Писания Плутарха, если внимательно вчитаться в них, раскрывают нам его с самых разных сторон, поэтому мне кажется, что я знаю его насквозь; и тем не менее я хотел бы, чтобы до нас дошли какие-нибудь воспоминания о его жизни; горя этим желанием, я с жадностью набросился на тот стоящий особняком рассказ о нем, за который я необычайно благодарен Авлу Геллию [10], оставившему нам закрепленное на бумаге сообщение о нравах Плутарха, как раз относящееся к трактуемой мной здесь теме о гневе. Один из рабов Плутарха, человек дурной и порочный, имевший, однако, понаслышке кой-какое понятие о наставлениях философии, должен был за какой-то совершенный им проступок понести, по повелению Плутарха, наказание плетьми. Когда его стали бить, он сначала завопил, что его избивают зря, ибо он не виноват, но под конец пустился ругать и поносить своего хозяина, крича, что в нем нет ни на грош от философа, каковым он мнит себя; ведь твердил же он постоянно, что гневаться дурно, и даже написал об этом целую книгу, но то, что он сейчас, обуреваемый гневом, заставляет так свирепо избивать его, полностью опровергает его писания. Па это Плутарх с полнейшим спокойствием ответил ему: "На основании чего, негодяй, ты решил, что я сейчас охвачен гневом? Разве на моем лице, в моем голосе, в моих словах есть какие-нибудь признаки возбуждения? Глаза мои не мечут молний, лицо не дергается, и я не воплю. Разве я покраснел? Или говорю с пеной у рта? Сказал ли я хоть что-нибудь, в чем мог бы раскаяться? Трепещу ли я, дрожу ли от ярости? Ибо именно таковы, да будет тебе известно, подлинные признаки гнева". И, повернувшись к тому, кто хлестал провинившегося, Плутарх приказал: "Продолжай свое дело, пока мы с ним рассуждаем". Таков рассказ Авла Геллия.

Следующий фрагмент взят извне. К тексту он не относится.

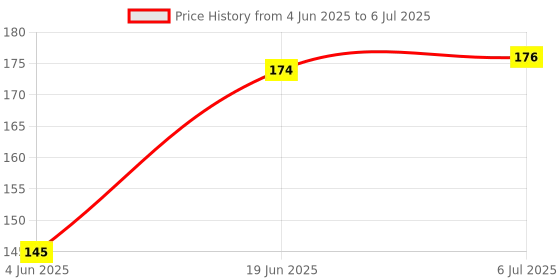 flipkart.com cuttiesfashion Polyester Home Use Apron - Free Size cuttiesfashion Price History Graph from 4 Jun 2025 to 6 Jul 2025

Архит Тарентский [11], вернувшись домой из похода, где был главным военачальником, нашел свое хозяйство в полном расстройстве: земли оставались не обработанными из-за нераспорядительности управляющего: "Убирайся с глаз моих, - сказал он ему. - Если бы я не был охвачен гневом, я бы отделал тебя, как следует". Сам Платон, распалившись против одного из своих рабов, поручил Спевсиппу наказать его, не желая сам и пальцем тронуть раба, поскольку он был сердит на него. Спартанец Харилл [12], обращаясь к илоту, который слишком непочтительно, даже нагло, разговарил с ним, сказал ему:
"Клянусь богами, не будь я разъярен, я бы убил тебя, не сходя с места".

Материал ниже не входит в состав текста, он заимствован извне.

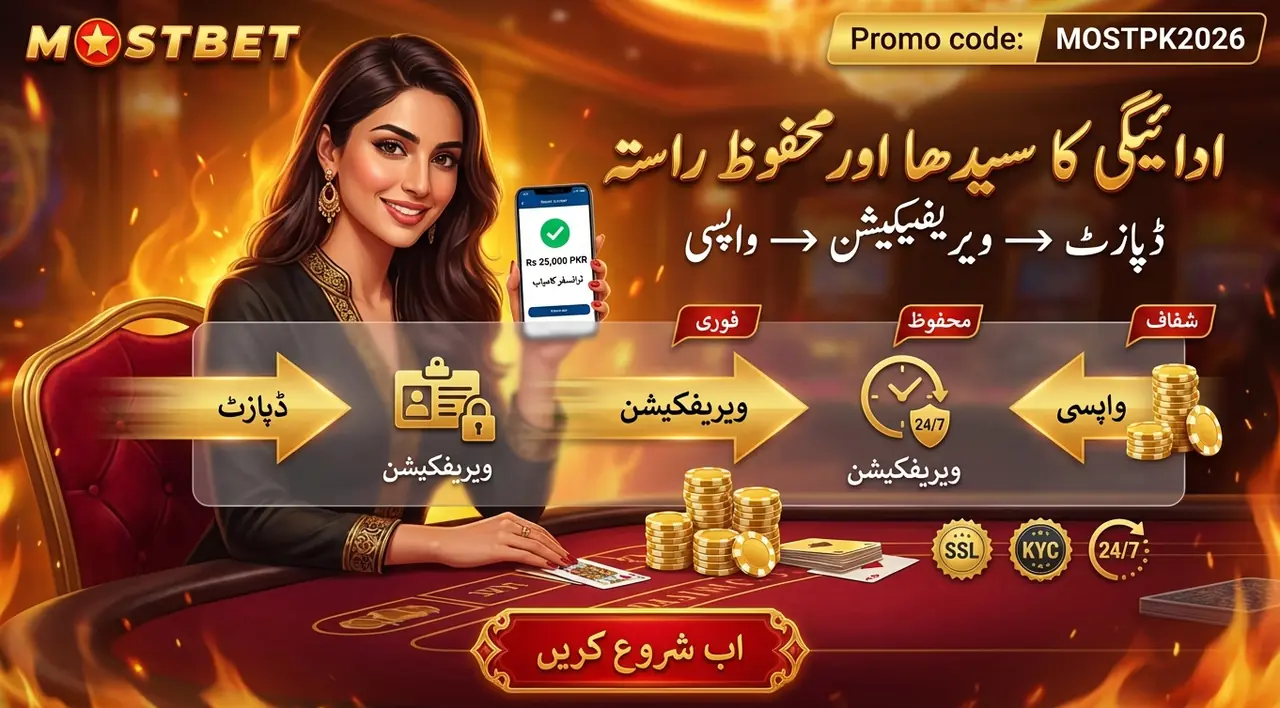 Mostbet پاکستان میں ادائیگی کا عمل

Гнев - это страсть, которая любуется и упивается собой. Нередко, будучи выведены из себя по какому-нибудь ложному поводу, мы, несмотря на представленные нам убедительные оправдания и разъяснения, продолжаем упираться вопреки отсутствию вины. У меня удержался в памяти поразительный пример подобного поведения, относящийся к древности. Пизон [13], человек во всех отношениях отменно добродетельный, прогневался на одного своего воина за то, что он, вернувшись с фуражировки, не смог дать ему ясного ответа, куда девался второй бывший с ним солдат. Пизон решил, что вернувшийся солдат убил своего товарища, и на этом основании, долго не раздумывая, приговорил его к смерти. Когда осужденного привели к виселице, вдруг, откуда ни возьмись, появился потерявшийся солдат. Все войско необычайно обрадовалось его появлению, и после того, как оба приятеля крепко обнялись и по-братски расцеловались, палач повел их к Пизону, рассчитывая, что такой исход события доставит Пизону большое удовольствие. Но вышло как раз наоборот: со стыда и досады его еще не рассеявшийся гнев лишь еще более распалился и с молниеносной быстротой, внушенной яростью, Пизон решил, что ввиду невиновности одного виноваты все трое, и отправил всех на тот свет, первого солдата во исполнение того смертного приговора, который был ему вынесен, второго за то, что он своей отлучкой явился причиной присуждения к смерти его товарища, а палача за то, что он ослушался и не выполнил отданного ему приказа.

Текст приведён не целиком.